→ Brief
Give again, exactly as written, each line of the material below starting at the line that contains "S925 Round-Cut Moissanite Earring【6.2#172】" and ending at the line that contains "Main image of". Both ends count, and no other line does.

→ Extracted records
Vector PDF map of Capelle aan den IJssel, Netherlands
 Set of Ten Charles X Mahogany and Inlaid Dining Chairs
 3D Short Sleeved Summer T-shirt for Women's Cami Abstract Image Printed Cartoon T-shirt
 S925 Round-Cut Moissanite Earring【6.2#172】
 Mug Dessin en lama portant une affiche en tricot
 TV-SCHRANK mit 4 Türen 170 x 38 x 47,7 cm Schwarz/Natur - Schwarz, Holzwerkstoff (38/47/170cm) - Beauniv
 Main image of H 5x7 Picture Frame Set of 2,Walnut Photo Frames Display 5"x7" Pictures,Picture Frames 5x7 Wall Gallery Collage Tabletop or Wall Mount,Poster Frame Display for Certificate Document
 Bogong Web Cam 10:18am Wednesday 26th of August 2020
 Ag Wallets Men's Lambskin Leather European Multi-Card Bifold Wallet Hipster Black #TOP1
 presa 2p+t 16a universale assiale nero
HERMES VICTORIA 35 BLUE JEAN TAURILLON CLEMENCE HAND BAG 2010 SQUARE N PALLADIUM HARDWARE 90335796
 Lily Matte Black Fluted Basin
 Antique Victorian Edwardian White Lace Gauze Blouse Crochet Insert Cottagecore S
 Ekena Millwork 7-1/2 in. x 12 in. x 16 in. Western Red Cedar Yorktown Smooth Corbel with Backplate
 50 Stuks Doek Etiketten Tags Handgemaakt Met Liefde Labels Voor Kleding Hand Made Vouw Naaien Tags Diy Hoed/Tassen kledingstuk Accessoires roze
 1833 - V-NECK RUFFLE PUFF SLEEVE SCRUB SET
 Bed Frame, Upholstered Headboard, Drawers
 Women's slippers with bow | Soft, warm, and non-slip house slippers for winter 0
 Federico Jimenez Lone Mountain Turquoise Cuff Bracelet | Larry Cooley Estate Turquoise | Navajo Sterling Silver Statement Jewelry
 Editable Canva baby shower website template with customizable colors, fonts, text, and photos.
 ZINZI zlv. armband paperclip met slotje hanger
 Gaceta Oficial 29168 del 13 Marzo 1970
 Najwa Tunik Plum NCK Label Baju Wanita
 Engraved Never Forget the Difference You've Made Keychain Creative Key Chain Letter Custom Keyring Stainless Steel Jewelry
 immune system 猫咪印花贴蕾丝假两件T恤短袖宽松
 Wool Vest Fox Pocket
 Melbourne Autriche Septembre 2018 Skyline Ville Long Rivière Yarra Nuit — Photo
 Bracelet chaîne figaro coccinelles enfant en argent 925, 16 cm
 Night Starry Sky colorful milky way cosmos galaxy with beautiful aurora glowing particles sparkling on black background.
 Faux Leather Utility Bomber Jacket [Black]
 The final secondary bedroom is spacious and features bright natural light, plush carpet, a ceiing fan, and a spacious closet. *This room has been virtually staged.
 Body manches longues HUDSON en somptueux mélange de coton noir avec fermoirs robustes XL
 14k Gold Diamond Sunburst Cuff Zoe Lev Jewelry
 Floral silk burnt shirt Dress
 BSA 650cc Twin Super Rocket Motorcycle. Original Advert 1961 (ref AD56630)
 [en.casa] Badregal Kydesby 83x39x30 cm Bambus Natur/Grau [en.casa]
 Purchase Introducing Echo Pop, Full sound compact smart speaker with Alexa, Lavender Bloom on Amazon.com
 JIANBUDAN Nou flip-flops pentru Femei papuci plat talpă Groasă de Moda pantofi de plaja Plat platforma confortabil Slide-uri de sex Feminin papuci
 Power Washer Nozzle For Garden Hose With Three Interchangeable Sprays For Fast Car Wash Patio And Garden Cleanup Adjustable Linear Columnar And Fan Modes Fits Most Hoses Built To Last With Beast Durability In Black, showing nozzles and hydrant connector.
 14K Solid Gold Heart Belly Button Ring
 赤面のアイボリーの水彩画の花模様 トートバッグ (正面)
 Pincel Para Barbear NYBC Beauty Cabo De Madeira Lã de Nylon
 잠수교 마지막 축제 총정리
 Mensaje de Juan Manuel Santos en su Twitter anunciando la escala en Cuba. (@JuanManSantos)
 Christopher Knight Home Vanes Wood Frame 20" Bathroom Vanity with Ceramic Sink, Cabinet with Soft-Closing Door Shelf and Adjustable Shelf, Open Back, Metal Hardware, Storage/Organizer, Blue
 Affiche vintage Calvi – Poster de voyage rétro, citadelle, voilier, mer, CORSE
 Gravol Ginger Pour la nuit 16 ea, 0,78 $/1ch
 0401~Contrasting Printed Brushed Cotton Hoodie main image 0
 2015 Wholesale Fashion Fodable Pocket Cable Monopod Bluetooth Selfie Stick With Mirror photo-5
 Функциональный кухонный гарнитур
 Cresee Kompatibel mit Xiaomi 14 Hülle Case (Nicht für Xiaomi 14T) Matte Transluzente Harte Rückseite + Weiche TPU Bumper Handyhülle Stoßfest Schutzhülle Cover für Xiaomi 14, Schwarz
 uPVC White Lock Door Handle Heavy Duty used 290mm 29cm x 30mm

→ Response to this task
 S925 Round-Cut Moissanite Earring【6.2#172】
 Mug Dessin en lama portant une affiche en tricot
 TV-SCHRANK mit 4 Türen 170 x 38 x 47,7 cm Schwarz/Natur - Schwarz, Holzwerkstoff (38/47/170cm) - Beauniv
 Main image of H 5x7 Picture Frame Set of 2,Walnut Photo Frames Display 5"x7" Pictures,Picture Frames 5x7 Wall Gallery Collage Tabletop or Wall Mount,Poster Frame Display for Certificate Document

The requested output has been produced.